Sri Lanka Devlet Başkanı Gotabaya Rajapaksa, halkın sarayını basması üzerine, askerî uçakla ülkesinden kaçarak Maldivler'e gitti. Rajapaksa'nın tutuklanmak ve yargılanmak riskini göze alamadığı bildiriliyor.
Sarayın basıldığı gün de bir üst düzey ordu yetkilisi, Rajapaksa'nın, bir bölük asker tarafından güvenli bir yerde korunduğunu söylemişti.
Sri Lanka Anayasası'na göre boşalan devlet başkanlığı görevini vekâleten başbakanın üstlenmesi gerekiyor ama göstericiler, onun da istifa etmesini istiyor. Zaten Başbakan Ranil Vickremesinghe'nin özel konutu da ateşe verildi. Ardından istifa edeceğini açıklayan Başbakan, bunun için bir tarih vermedi. Derken Başbakanlık binası da basıldı.
Halkta genel olarak mevcut siyasilere güvenin kalmadığı belirtiliyor...
***
Benim bu haberlerde üzerinde durmak veya herkesin düşünmesini istediğim konu, Sri Lanka Cumhurbaşkanı'nın, ülkesinden kaçarken askerî uçak kullanmasıdır.
Askerî uçak, adı üzerinde ordunun malıdır. Gerçi Cumhurbaşkanı da ordunun temsili başkomutanıdır ama aldığı kararlarla ve yaptığı yolsuzluklarla ülkesini ekonomik krize sokan, halkını fakirleştiren bir devlet başkanının, kaçarken askerî uçak kullanmaya ne hakkı vardır?
Tabii yıllar içinde, orduyu da "hanedan ordusu" haline getirdikleri anlaşılıyor.
***
Romanya'da Çavuşesku da canını kurtarmak için sarayından çıkmıştı ama isyan eden kendi halkı tarafından, eşiyle birlikte bir duvar dibinde öldürülmüştü... Romanya ordusundan hiçbir birlik, Çavuşesku'yu korumak için kılını dahi kıpırdatmamıştı...
Tunus'ta ise Cumhurbaşkanı Zeynel Abidin Bin Ali, özel bir uçakla ülkesinden kaçmıştı. Bu uçağı sonradan 78 milyon dolara THY satın aldı...

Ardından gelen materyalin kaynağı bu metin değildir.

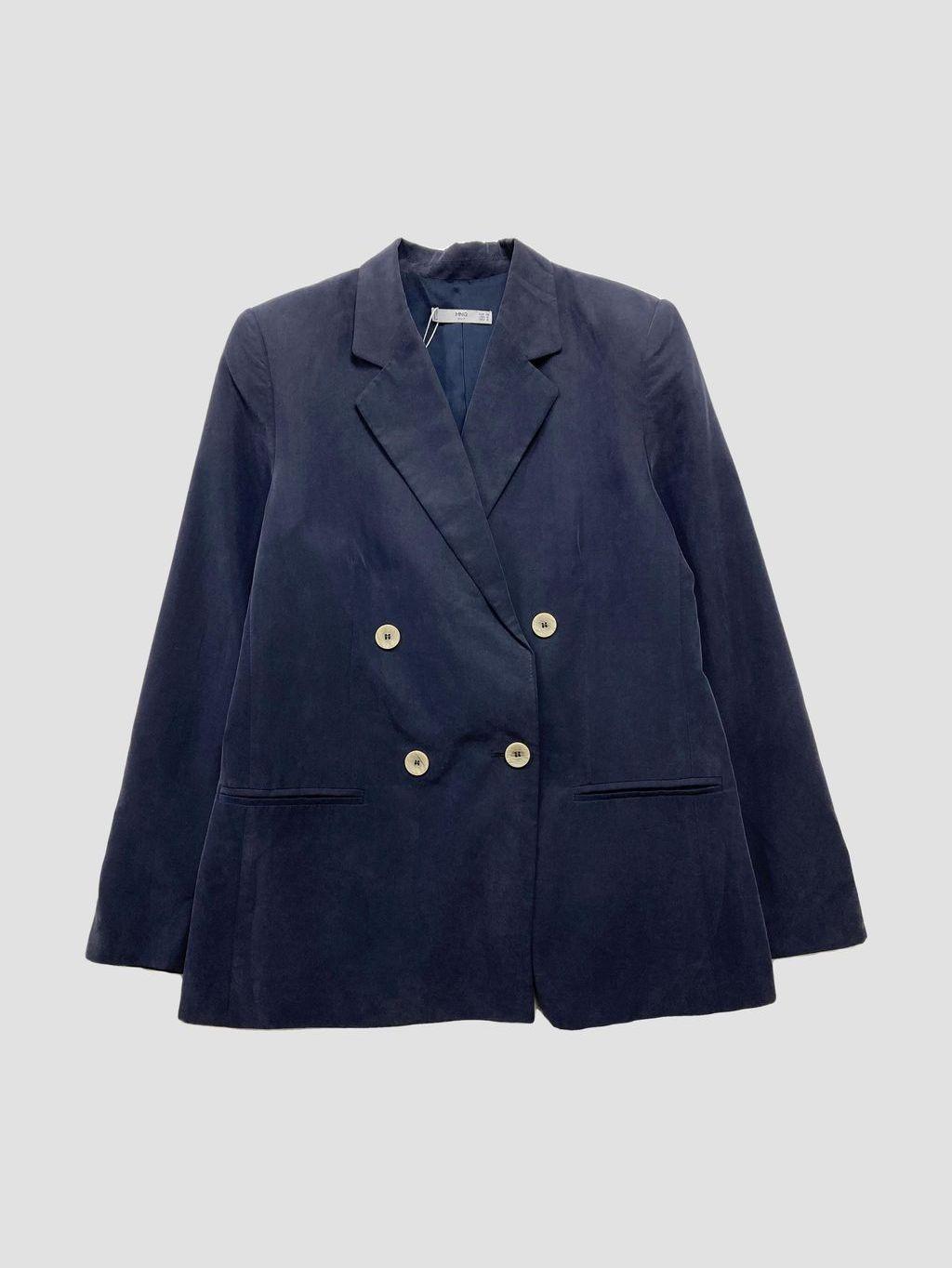 Blazer MANGO - Talla S (VOP01046395)-0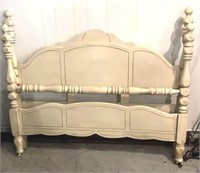 Antique Full size bed with rails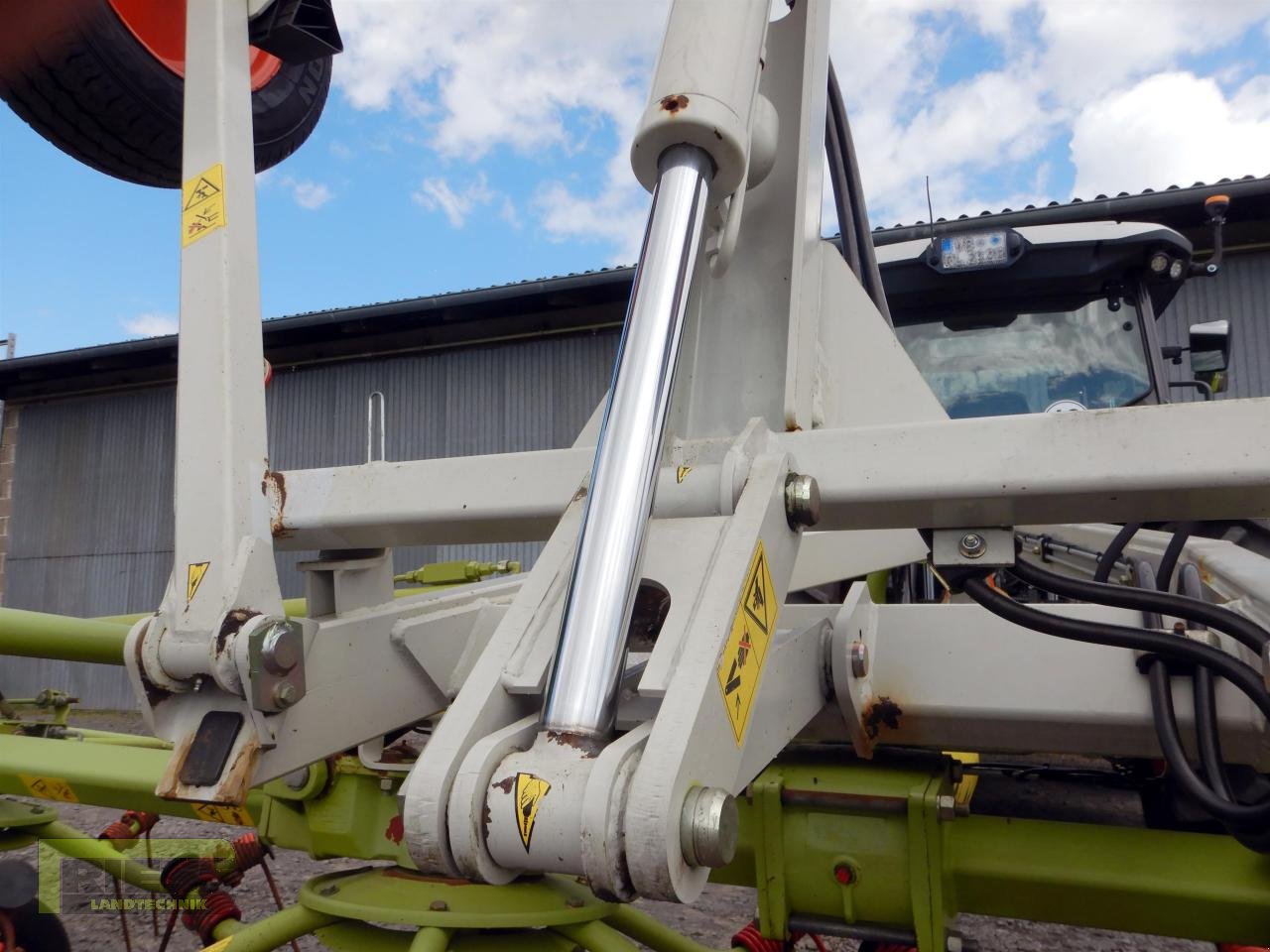 Kreiselheuer Türe ait CLAAS Volto 870 T, Gebrauchtmaschine içinde Homberg/Ohm - Maulbach (resim 12)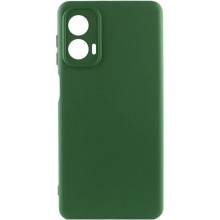 Чохол Silicone Cover Lakshmi Full Camera (AA) для Motorola Moto G85 – Зелений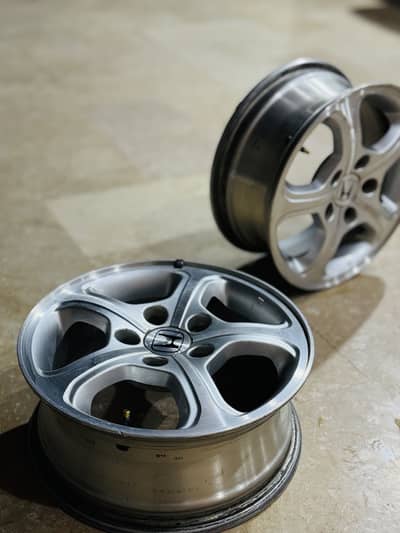 Honda Civic Reborn Oem Spec original wheels!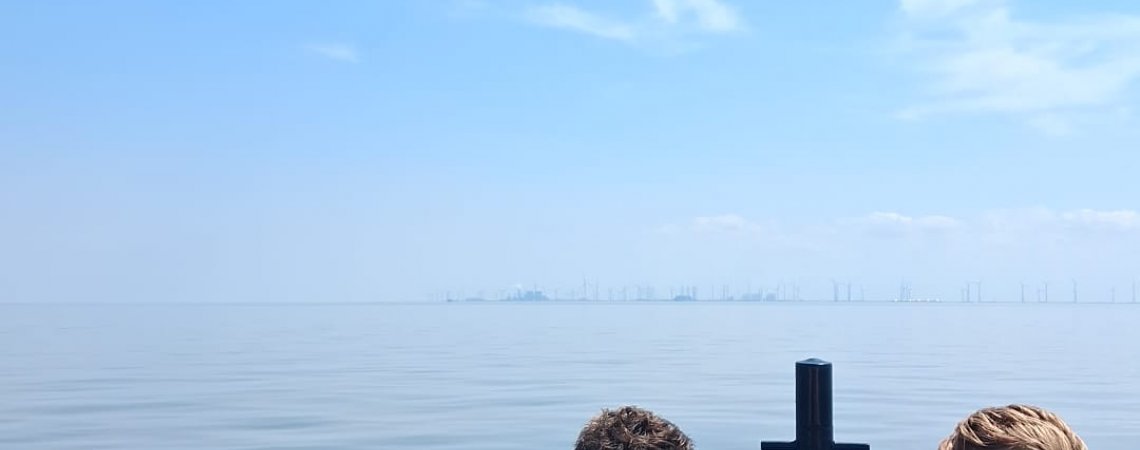 Strand op Borkum - Waddenribtochten - Borkum Boulevard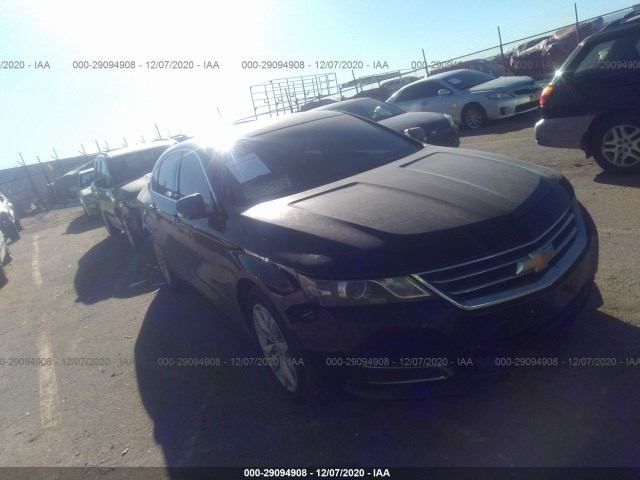 CHEVROLET IMPALA 2016 2g1115s35g9144335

Bin Ali, o uçakla havada epey gezdikten sonra iniş için ancak Suudi Arabistan'dan izin alabilmişti. Pilot, "bekle" talimatına uymamış ve Tunus'a geri dönmüştü... Bin Ali, Millî Savunma Bakanı ve Genelkurmay Başkanı ile telefonla görüşerek, geri dönme şartlarının oluşturulmasını istemiş ancak bunun fiilen mümkün olmadığı cevabını almıştı... Halkın öfkesi dinmemişti...
Bin Ali, kaçarken, uçağın taşıyabileceği kadar altın ve nakit parayı da yanına almayı ihmal etmemişti...
***
Bin Ali yönetimi, ABD ve Fransa'nın desteğiyle 23 yıl sürmüştü ama Arap Baharı denilen sivil darbe girişimleri de bir ABD projesiydi... Deney, İstanbul'da hazırlanmış, Tunus'tan başlatılmış ve sosyal medya ile kışkırtılan kitleler harekete geçmişti... Muhammed Buazizi adlı üniversite mezunu genç, sebze meyve arabasına el koyulmasına karşı kendini yakınca olayların önü alınamamıştı...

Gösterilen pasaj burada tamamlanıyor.